“Led Zeppelin IV” Man Now Identified
via Led Zeppelin Boots / YouTube
After 52 years since the release of Led Zeppelin IV, the long-standing mystery of the man on the album cover has been solved by a historian.
The iconic image of an elderly, bearded man carrying a load of wood was stumbled upon by Robert Plant in an antique store during the album’s production. The photograph was colorized and displayed on the wall of a partially demolished building for the cover shoot.
In 2021, University researcher Brian Edwards, while delving into the pictorial history of Wiltshire, discovered another print of the same picture. Through meticulous research, it was revealed that both prints shared matching handwriting, leading to the conclusion that the photograph was taken around 1892 by photography teacher Ernest Howard Farmer.
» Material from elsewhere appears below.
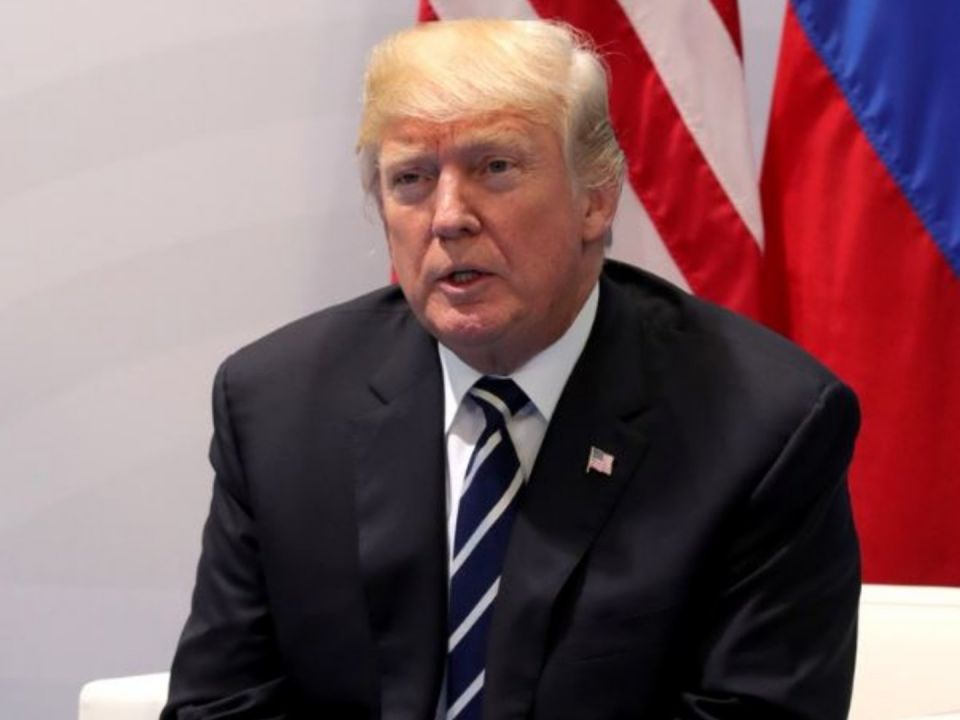 Telegraph: ����� ������ �� ���������� ������ ��� ����������������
The caption on the print, “A Wiltshire thatcher,” eventually helped identify the man in the picture as Lot Long, a widower residing in the town of Mere during that period.
‘Led Zeppelin IV’ Photo to Take Center Stage in Exhibition
Expressing his excitement, Edwards stated:
“Led Zeppelin created the soundtrack that has accompanied me since my teenage years. I really hope the discovery of this Victorian photograph pleases and entertains Robert, Jimmy and John Paul.”
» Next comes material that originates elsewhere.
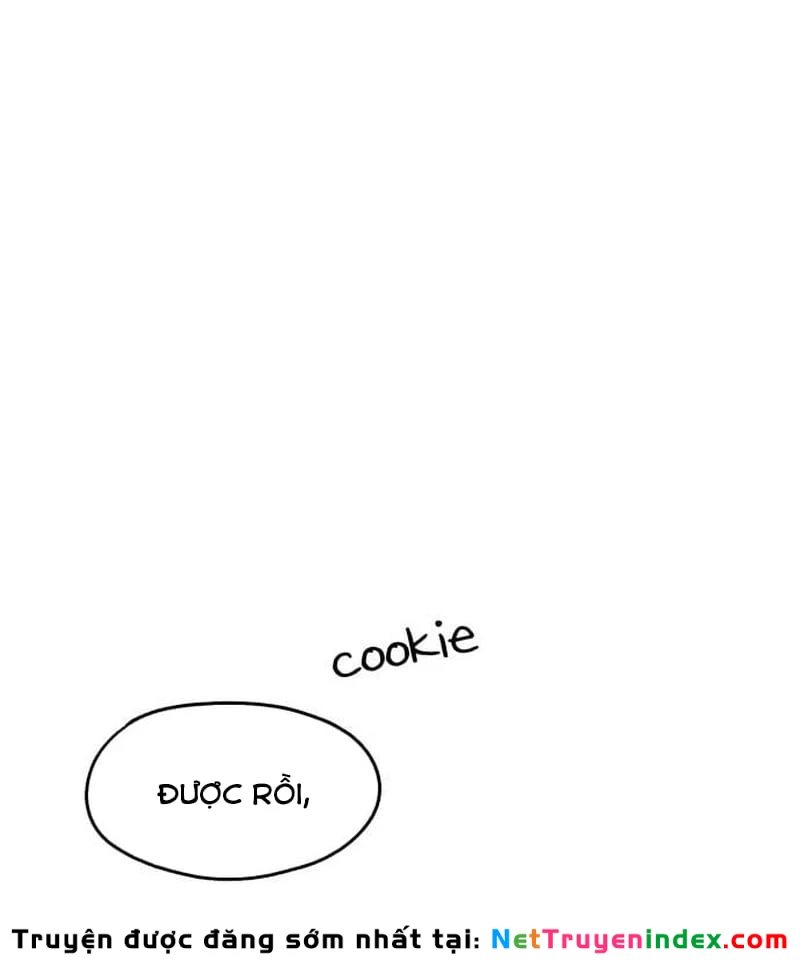 Trong Mắt Anh Chỉ Có Em Chapter 4 - 159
The photograph is set to be featured in the upcoming exhibition titled The Wiltshire Thatcher: A Photographic Journey Through Victorian Wessex in 2024. Wiltshire Museum director David Dawson explained:
“[We] will show how Farmer captured the spirit of people, villages and landscapes of Wiltshire and Dorset that were so much of a contrast to his life in London. It is fascinating to see how this theme of rural and urban contrasts was developed by Led Zeppelin and became the focus for this iconic album cover 70 years later.”
Adding a layer to the story, it’s fascinating to see how a photograph taken over a century ago found its way into the hands of the rock legends of Led Zeppelin. The chance discovery by Plant in an antique store and its subsequent transformation into a timeless album cover speaks to the interconnectedness of art across different eras. The upcoming exhibition promises to not only showcase the historical roots of the photograph but also to explore the broader theme of how cultural influences travel through time, resonating with artists and enthusiasts alike.
As the identity of Lot Long is unveiled, the narrative surrounding the ‘Led Zeppelin IV’ cover takes on new depth, becoming a testament to the enduring power of visual storytelling and its ability to bridge the past and present.